• WHAT THIS TASK INVOLVES:
Only one span of the listing below is wanted: the lines from the one with "All-Clad 4pc Commercial" through the one with "Naturaful - NEW", reproduced exactly, both ends kept.

• SUPPLIED RECORDS:
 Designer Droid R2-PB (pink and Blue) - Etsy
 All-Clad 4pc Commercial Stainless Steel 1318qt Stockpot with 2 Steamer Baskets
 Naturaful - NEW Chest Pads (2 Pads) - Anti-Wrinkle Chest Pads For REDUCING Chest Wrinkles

---

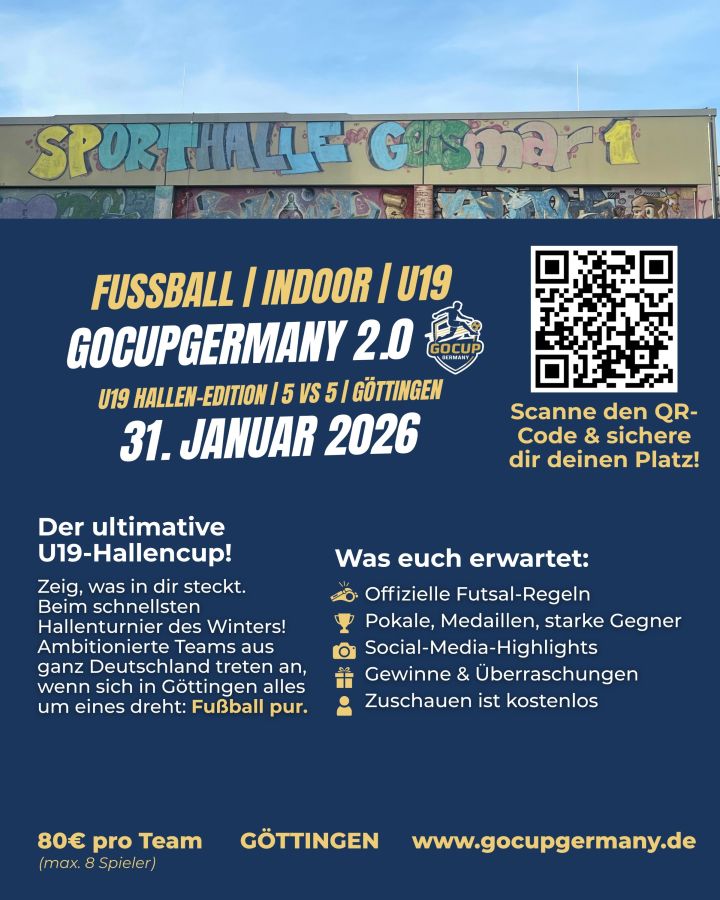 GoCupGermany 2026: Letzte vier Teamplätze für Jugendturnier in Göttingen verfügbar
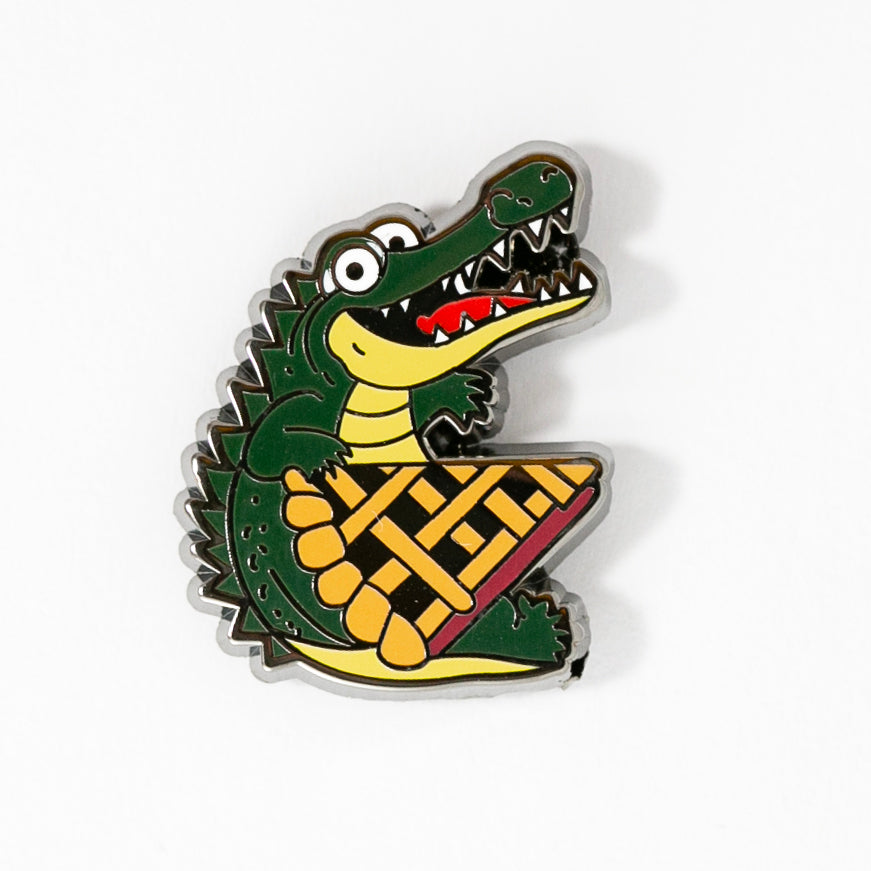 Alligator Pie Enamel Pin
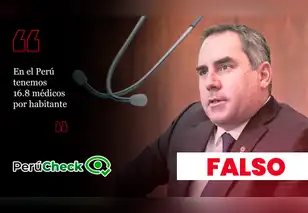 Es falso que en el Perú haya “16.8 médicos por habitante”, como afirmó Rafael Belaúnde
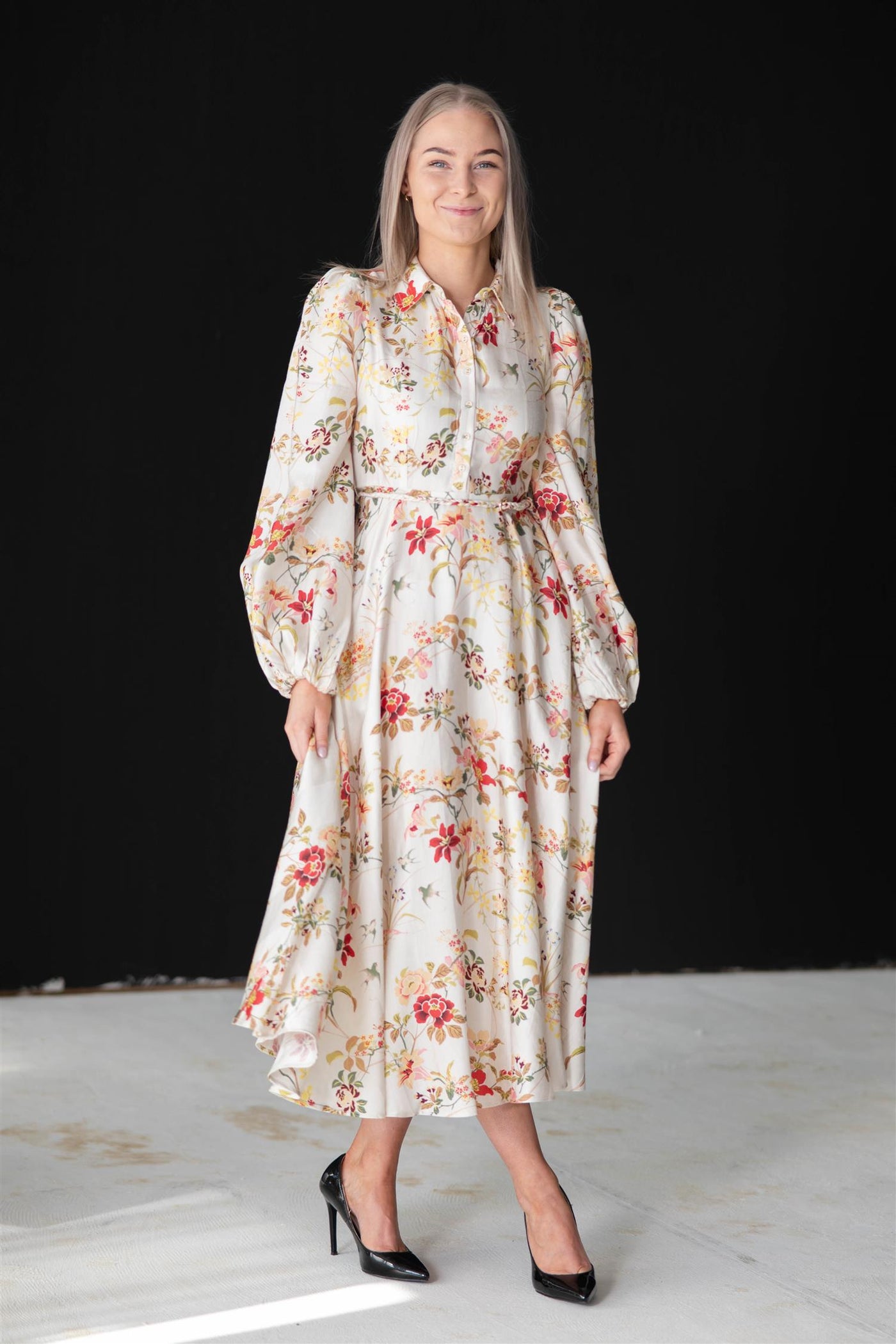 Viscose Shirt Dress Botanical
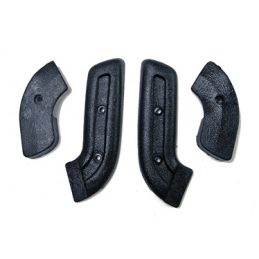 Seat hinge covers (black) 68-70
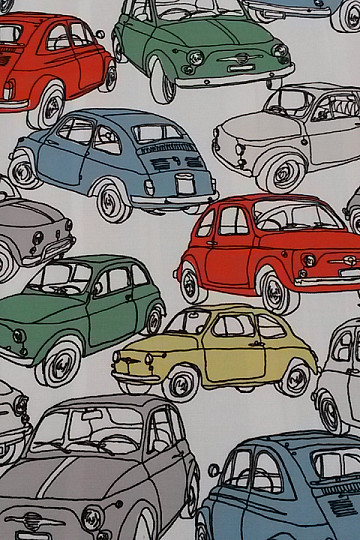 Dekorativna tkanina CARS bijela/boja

• EXERCISE SOLUTION:
 All-Clad 4pc Commercial Stainless Steel 1318qt Stockpot with 2 Steamer Baskets
 Naturaful - NEW Chest Pads (2 Pads) - Anti-Wrinkle Chest Pads For REDUCING Chest Wrinkles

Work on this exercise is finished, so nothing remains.